What the task requires: Your copy of the data below must be exact and must leave out all pictures.

Recorded information:

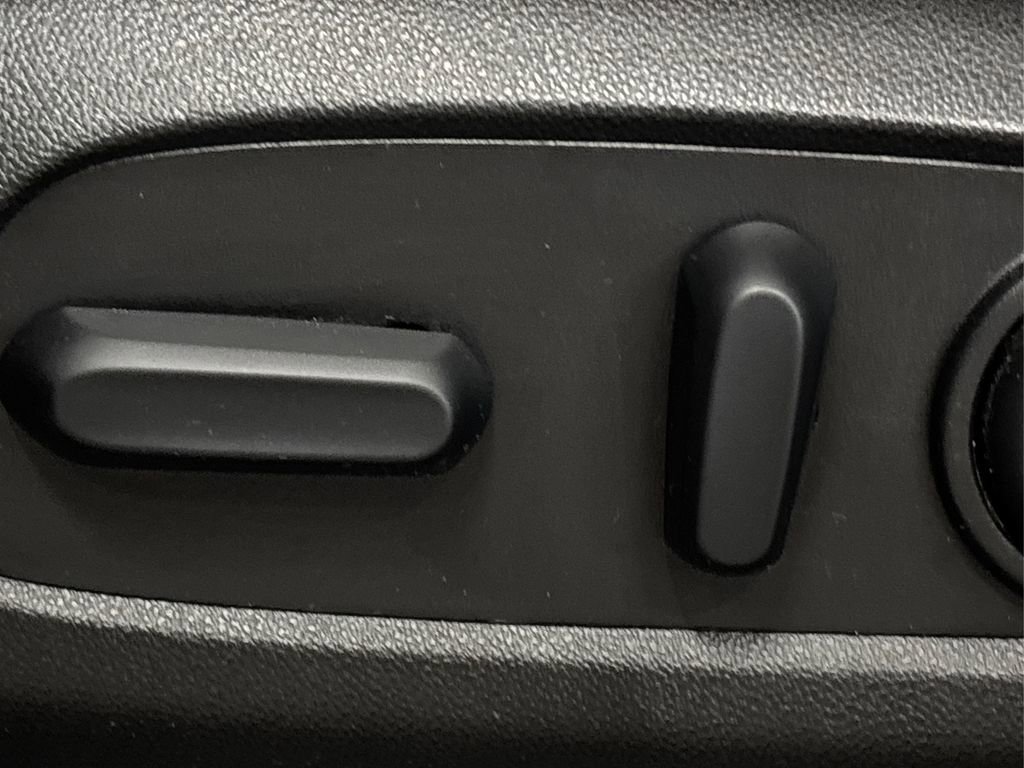 Used 2019 Chevrolet Traverse LT image 34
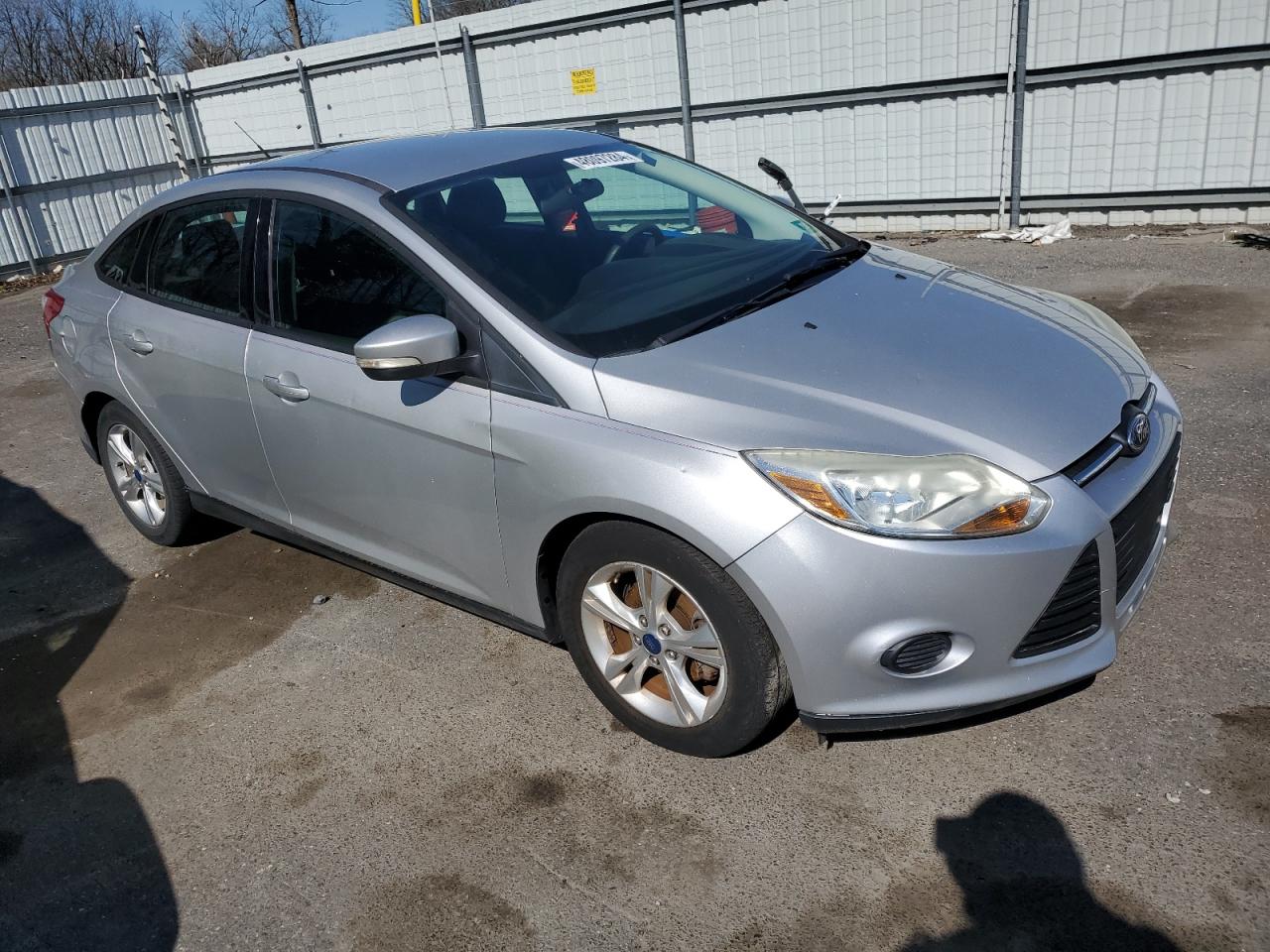 Photo 3 VIN: 1FADP3F24DL311528 - FORD FOCUS 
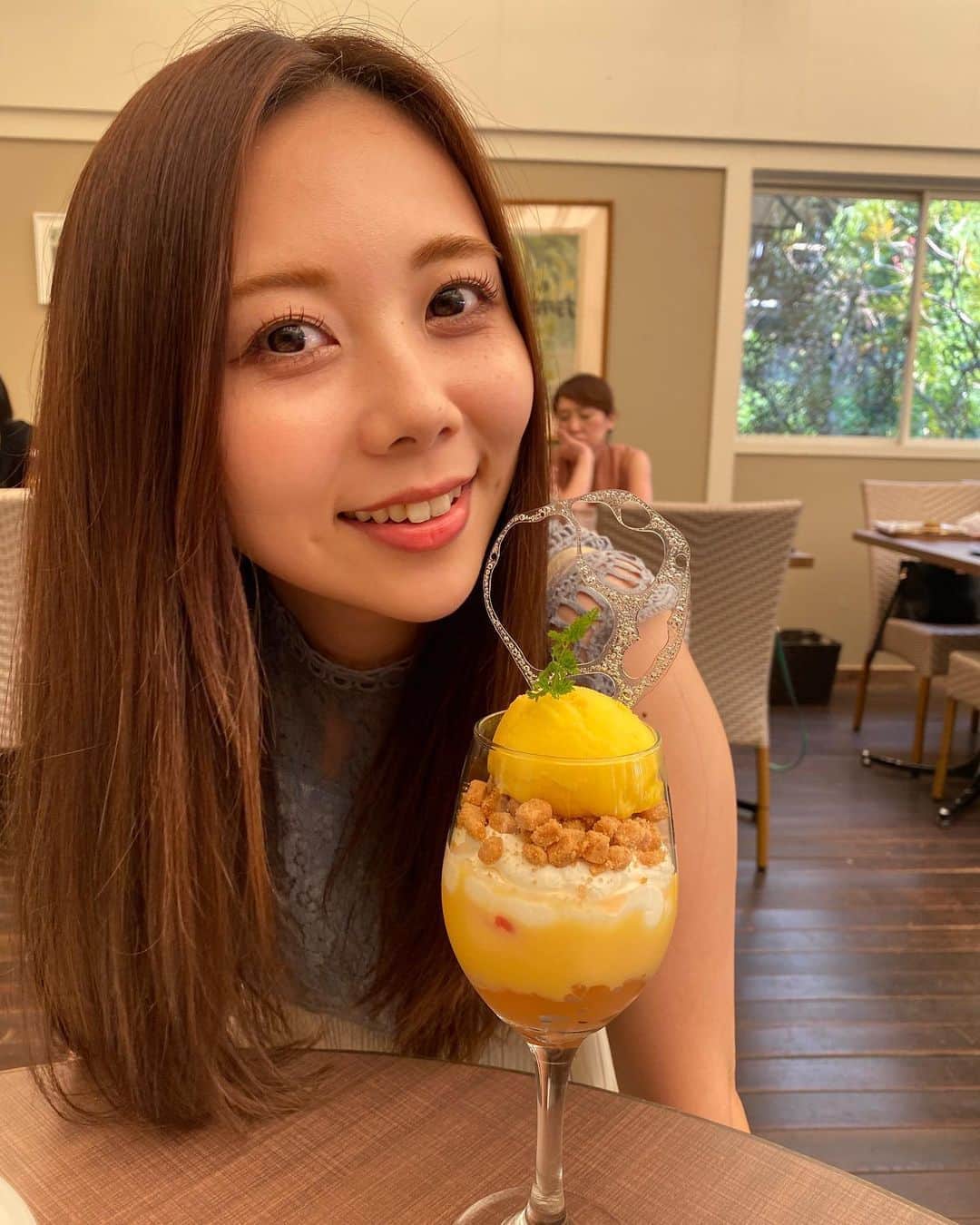西村季里子のインスタグラム：「・  夏バテとかあまりしないんだけど、 さすがにこの日暑すぎて お店入ったものの食欲がなくなって 唯一あったサッパリ系パフェ食べた🍨  ら、すぐ回復した🙋🏻‍♀️🙋🏻‍♀️🙋🏻‍♀️  痩せたいけど食べたいし 食べたいけど痩せたいし 困ってる！(痩せろ)  #夏バテ #パフェ #食べれるんかい #canalcafe  #飯田橋 #痩せたいけど食べたい  ↑このタグ7万件だってみんな仲間じゃん」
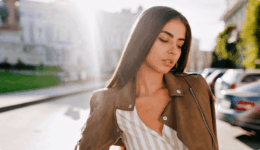 街中で視線をそらす女性。恋愛や人間関係で距離を置きたい気持ちを表すような姿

Solved exercise:
 Used 2019 Chevrolet Traverse LT image 34
 Photo 3 VIN: 1FADP3F24DL311528 - FORD FOCUS 
西村季里子のインスタグラム：「・  夏バテとかあまりしないんだけど、 さすがにこの日暑すぎて お店入ったものの食欲がなくなって 唯一あったサッパリ系パフェ食べた🍨  ら、すぐ回復した🙋🏻‍♀️🙋🏻‍♀️🙋🏻‍♀️  痩せたいけど食べたいし 食べたいけど痩せたいし 困ってる！(痩せろ)  #夏バテ #パフェ #食べれるんかい #canalcafe  #飯田橋 #痩せたいけど食べたい  ↑このタグ7万件だってみんな仲間じゃん」
 街中で視線をそらす女性。恋愛や人間関係で距離を置きたい気持ちを表すような姿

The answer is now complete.